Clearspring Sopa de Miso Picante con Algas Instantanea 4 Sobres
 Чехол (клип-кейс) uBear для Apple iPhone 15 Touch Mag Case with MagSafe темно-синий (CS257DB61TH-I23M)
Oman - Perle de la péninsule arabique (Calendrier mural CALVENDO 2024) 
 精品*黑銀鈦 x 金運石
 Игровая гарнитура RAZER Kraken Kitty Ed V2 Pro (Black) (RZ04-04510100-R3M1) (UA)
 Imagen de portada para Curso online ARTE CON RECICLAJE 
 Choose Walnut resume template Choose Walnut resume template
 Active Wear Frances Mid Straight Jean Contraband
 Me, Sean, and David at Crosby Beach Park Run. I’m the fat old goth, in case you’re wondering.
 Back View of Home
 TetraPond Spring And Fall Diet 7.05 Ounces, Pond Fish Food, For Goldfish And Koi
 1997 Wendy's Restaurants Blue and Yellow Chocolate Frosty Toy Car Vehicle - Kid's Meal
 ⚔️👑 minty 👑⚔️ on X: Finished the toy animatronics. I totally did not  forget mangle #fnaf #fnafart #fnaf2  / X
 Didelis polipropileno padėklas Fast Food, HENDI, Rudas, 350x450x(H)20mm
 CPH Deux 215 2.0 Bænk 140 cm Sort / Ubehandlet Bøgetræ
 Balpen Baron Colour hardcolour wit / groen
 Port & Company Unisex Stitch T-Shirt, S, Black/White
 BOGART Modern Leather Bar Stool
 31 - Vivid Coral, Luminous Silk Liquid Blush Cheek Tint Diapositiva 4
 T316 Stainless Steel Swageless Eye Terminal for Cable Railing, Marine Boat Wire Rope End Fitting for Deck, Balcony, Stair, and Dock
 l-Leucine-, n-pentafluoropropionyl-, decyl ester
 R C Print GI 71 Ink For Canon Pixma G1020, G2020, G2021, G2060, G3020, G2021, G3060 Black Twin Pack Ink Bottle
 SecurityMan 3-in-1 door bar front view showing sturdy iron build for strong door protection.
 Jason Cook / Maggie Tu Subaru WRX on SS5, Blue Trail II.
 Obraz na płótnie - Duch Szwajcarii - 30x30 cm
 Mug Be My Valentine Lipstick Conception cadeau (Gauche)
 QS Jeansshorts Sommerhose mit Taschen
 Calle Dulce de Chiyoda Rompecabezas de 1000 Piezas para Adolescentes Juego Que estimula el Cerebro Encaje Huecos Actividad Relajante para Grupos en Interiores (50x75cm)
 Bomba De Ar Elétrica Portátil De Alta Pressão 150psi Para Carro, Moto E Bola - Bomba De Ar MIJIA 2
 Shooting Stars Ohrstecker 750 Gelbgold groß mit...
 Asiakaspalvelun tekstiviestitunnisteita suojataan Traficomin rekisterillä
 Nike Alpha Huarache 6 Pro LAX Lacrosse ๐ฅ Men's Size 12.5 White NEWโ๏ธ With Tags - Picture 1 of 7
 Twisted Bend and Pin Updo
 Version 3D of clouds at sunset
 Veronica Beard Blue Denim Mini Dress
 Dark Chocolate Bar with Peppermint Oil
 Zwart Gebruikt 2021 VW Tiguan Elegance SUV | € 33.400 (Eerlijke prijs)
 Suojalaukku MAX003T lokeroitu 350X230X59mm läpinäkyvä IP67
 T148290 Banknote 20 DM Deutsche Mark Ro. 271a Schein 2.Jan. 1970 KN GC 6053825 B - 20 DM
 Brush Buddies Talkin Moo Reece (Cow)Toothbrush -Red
=====
**Your objective**
Exactly as written, output the material once more.

**Solution**
Clearspring Sopa de Miso Picante con Algas Instantanea 4 Sobres
 Чехол (клип-кейс) uBear для Apple iPhone 15 Touch Mag Case with MagSafe темно-синий (CS257DB61TH-I23M)
Oman - Perle de la péninsule arabique (Calendrier mural CALVENDO 2024) 
 精品*黑銀鈦 x 金運石
 Игровая гарнитура RAZER Kraken Kitty Ed V2 Pro (Black) (RZ04-04510100-R3M1) (UA)
 Imagen de portada para Curso online ARTE CON RECICLAJE 
 Choose Walnut resume template Choose Walnut resume template
 Active Wear Frances Mid Straight Jean Contraband
 Me, Sean, and David at Crosby Beach Park Run. I’m the fat old goth, in case you’re wondering.
 Back View of Home
 TetraPond Spring And Fall Diet 7.05 Ounces, Pond Fish Food, For Goldfish And Koi
 1997 Wendy's Restaurants Blue and Yellow Chocolate Frosty Toy Car Vehicle - Kid's Meal
 ⚔️👑 minty 👑⚔️ on X: Finished the toy animatronics. I totally did not  forget mangle #fnaf #fnafart #fnaf2  / X
 Didelis polipropileno padėklas Fast Food, HENDI, Rudas, 350x450x(H)20mm
 CPH Deux 215 2.0 Bænk 140 cm Sort / Ubehandlet Bøgetræ
 Balpen Baron Colour hardcolour wit / groen
 Port & Company Unisex Stitch T-Shirt, S, Black/White
 BOGART Modern Leather Bar Stool
 31 - Vivid Coral, Luminous Silk Liquid Blush Cheek Tint Diapositiva 4
 T316 Stainless Steel Swageless Eye Terminal for Cable Railing, Marine Boat Wire Rope End Fitting for Deck, Balcony, Stair, and Dock
 l-Leucine-, n-pentafluoropropionyl-, decyl ester
 R C Print GI 71 Ink For Canon Pixma G1020, G2020, G2021, G2060, G3020, G2021, G3060 Black Twin Pack Ink Bottle
 SecurityMan 3-in-1 door bar front view showing sturdy iron build for strong door protection.
 Jason Cook / Maggie Tu Subaru WRX on SS5, Blue Trail II.
 Obraz na płótnie - Duch Szwajcarii - 30x30 cm
 Mug Be My Valentine Lipstick Conception cadeau (Gauche)
 QS Jeansshorts Sommerhose mit Taschen
 Calle Dulce de Chiyoda Rompecabezas de 1000 Piezas para Adolescentes Juego Que estimula el Cerebro Encaje Huecos Actividad Relajante para Grupos en Interiores (50x75cm)
 Bomba De Ar Elétrica Portátil De Alta Pressão 150psi Para Carro, Moto E Bola - Bomba De Ar MIJIA 2
 Shooting Stars Ohrstecker 750 Gelbgold groß mit...
 Asiakaspalvelun tekstiviestitunnisteita suojataan Traficomin rekisterillä
 Nike Alpha Huarache 6 Pro LAX Lacrosse ๐ฅ Men's Size 12.5 White NEWโ๏ธ With Tags - Picture 1 of 7
 Twisted Bend and Pin Updo
 Version 3D of clouds at sunset
 Veronica Beard Blue Denim Mini Dress
 Dark Chocolate Bar with Peppermint Oil
 Zwart Gebruikt 2021 VW Tiguan Elegance SUV | € 33.400 (Eerlijke prijs)
 Suojalaukku MAX003T lokeroitu 350X230X59mm läpinäkyvä IP67
 T148290 Banknote 20 DM Deutsche Mark Ro. 271a Schein 2.Jan. 1970 KN GC 6053825 B - 20 DM
 Brush Buddies Talkin Moo Reece (Cow)Toothbrush -Red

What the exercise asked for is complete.